Respostas de Potências Tradicionais
- Fortalecimento de alianças: Quad (EUA, Japão, Austrália, Índia) e AUKUS intensificam cooperação em tecnologia militar avançada.
- Sanções e controles: EUA e UE atualizam suas listas de sanções e impõem restrições a empresas chinesas de defesa.
- Fomento à indústria própria: A União Europeia propôs um fundo de €150 bilhões para reduzir dependência de armas não europeias.
Tendências Futuras
- Expansão para regiões “subutilizadas”: América Latina e Caribe como mercados emergentes para armamentos chineses, sobretudo na área naval.
- Competição tecnológica: Investimento chinês em guerra cibernética e inteligência artificial militar pode redefinir fronteiras de conflito.
- Diplomacia armamentista: Pequim continuará ofertando condições competitivas, incluindo financiamento e assistência técnica, para fortalecer sua influência.
Conclusão
A China consolidou-se como um ator militar e econômico de peso, usando a exportação de armamentos para cimentar parcerias estratégicas e desafiar a ordem internacional liderada pelo Ocidente.

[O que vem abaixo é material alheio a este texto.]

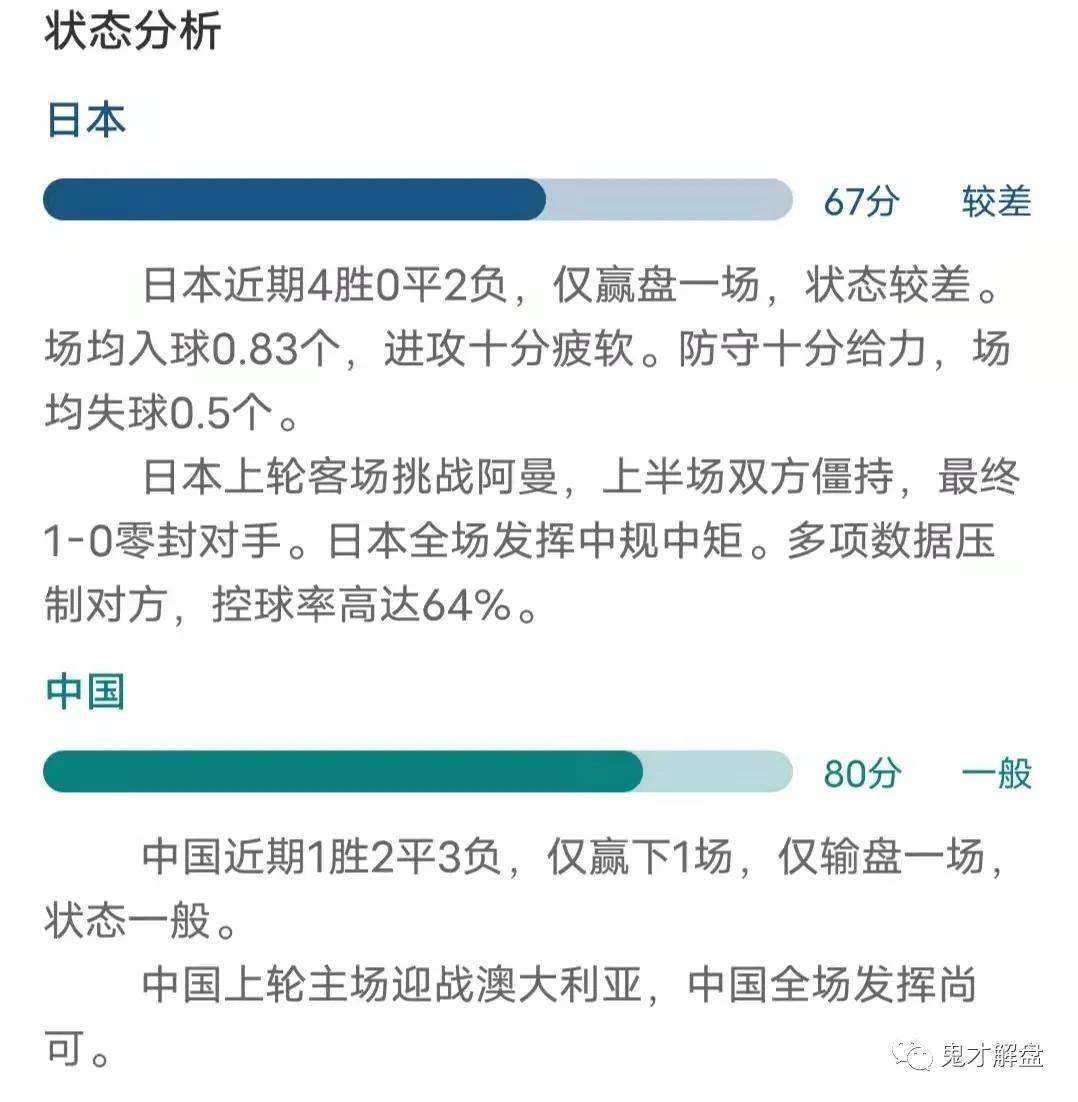 国足出线率001，国足出线率001%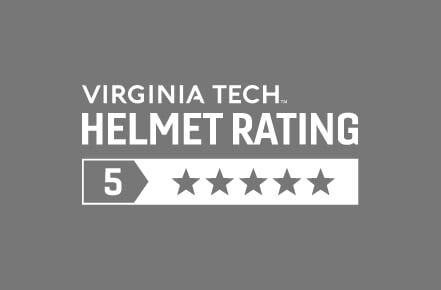 Clasificación Virginia Tech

À medida que a governança global de comércio de armas se adapta a este novo cenário, a influência chinesa tende a crescer ainda mais, com implicações profundas para a estabilidade e segurança regionais.
Referências
- SIPRI. (2023-2024). Arms Transfers Database. Stockholm International Peace Research Institute.
- BBC News. (2023). “China’s arms exports and the Lybia conflict.”
- The Diplomat. (2023). “China’s Drone Export Controls Amid Ukraine Conflict.”
- Reuters. (2023). “China expands arms sales in Latin America amid geopolitical shifts.”
- European Commission. (2024). “EU defense fund proposal aims to reduce foreign arms dependence.”